Call it a result of the economic downturn, the Satyam effect or simply turning off the tap by the Institute of Chartered Accountants of India (ICAI). The Chartered Accountancy final examination results touched a record low in the November 2009 attempt. The CA exam is clubbed into two groups of three subjects each. Of the 18,502 students who appeared for both groups, only 1,454 passed. That is a pass percentage of 7.86 percent. Now compare this with the November 2007 results; a time when the economy was rocking. Of the 8,654 students who appeared for both groups, 2,446 cleared the exam. That’s almost 28.26 percent.
That’s a striking fall in just two years. Most students who sat for the November 2009 final attempt have been pursuing the course for almost five years. So, when the results were announced on January 17, 2010, the usual euphoria was missing. At the Big Four — PricewaterhouseCoopers, Ernst & Young, KPMG and Deloitte — there were no exuberant mails from partners spelling out how brilliantly the articles had fared. Just to give you a sense, at one of the smaller firms, 21 articles took the exam and only one cleared.

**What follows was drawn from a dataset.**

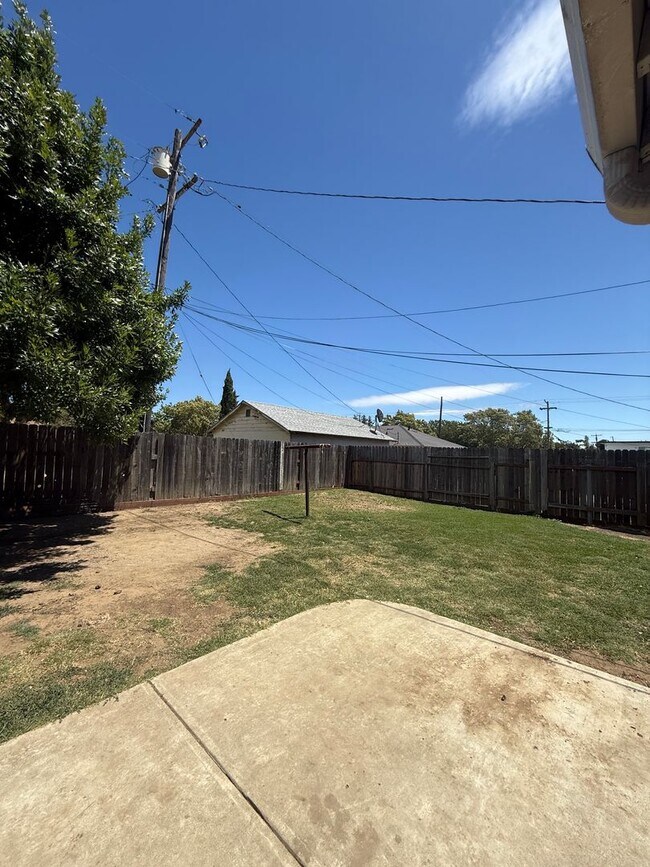 Building Photo - updated 2 bedroom duplex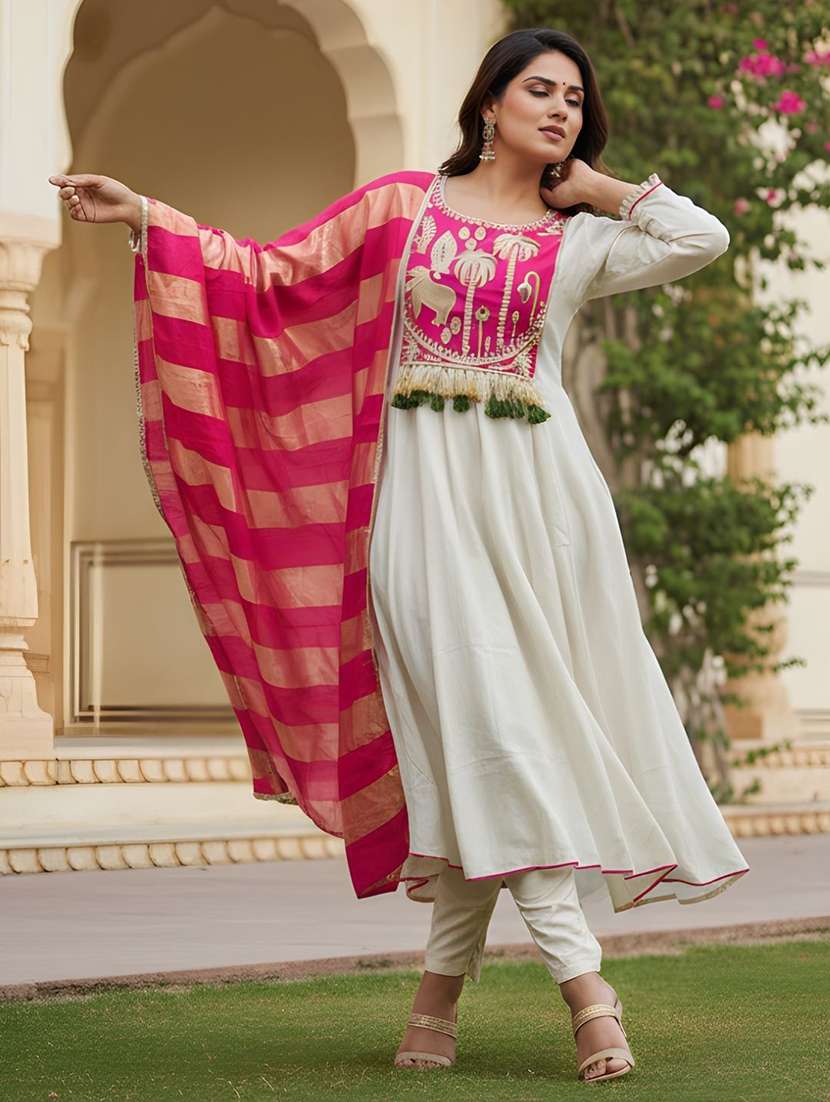 women embroidered long sleeves kurta pant set with dupatta - 22580054 -  Standard Image - 3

So what went wrong? To start with, accounting was a tough paper, auditing very lengthy and all questions in all eight subjects were made compulsory. Till May 2009, one didn’t have to solve the entire paper. ICAI pushed the bar higher this time around. But, quite a few students are attributing their failure not to the question papers but to the economic downturn which has led to over supply of chartered accountants in the job market, implying that the results were controlled. “A lot of companies stopped hiring. Even the ICAI which runs its own placement cell couldn’t place all the students enrolled with it,” says a student who didn’t want to be identified.
Uttam Prakash Agarwal, EX- president of ICAI, rubbishes such claims. “ICAI is not controlling the results. Nobody has the right to spoil the future of students,” he says. “It is the cancer of coaching institutes. Students are being misguided by these institutes and think that they will take coaching for three months and qualify. They don’t even open my course material and have failed because they haven’t taken the exam seriously,” Agarwal adds.
But coaching institutes have been around for decades. Does that mean ICAI had been snoozing until now? Agarwal doesn’t agree. “The paper pattern was more practical this time,” he says. He feels this could also be the reason for the low pass percentage.
Many feel that this is where the larger problem with chartered accountancy as a professional course lies. Compared to other courses like Chartered Financial Analyst or even an MBA with a specialisation in Finance, which are fairly practical in their approach and assessment, chartered accountancy continues to concentrate a lot on ex post facto analysis and rote learning. “Let me just say that the demand for good accountants far outstrips the supply. The course gives a fair grounding of accounting, finance, tax and mathematics. But it could do a lot with what is currently relevant, in terms of applying the learning to actual situations, because the moment it is tested, people flounder,” says Bobby Parikh, Partner, BMR Advisors. ICAI currently doesn’t provide any such training and does little beyond distributing course materials, past years’ question papers and suggested answers.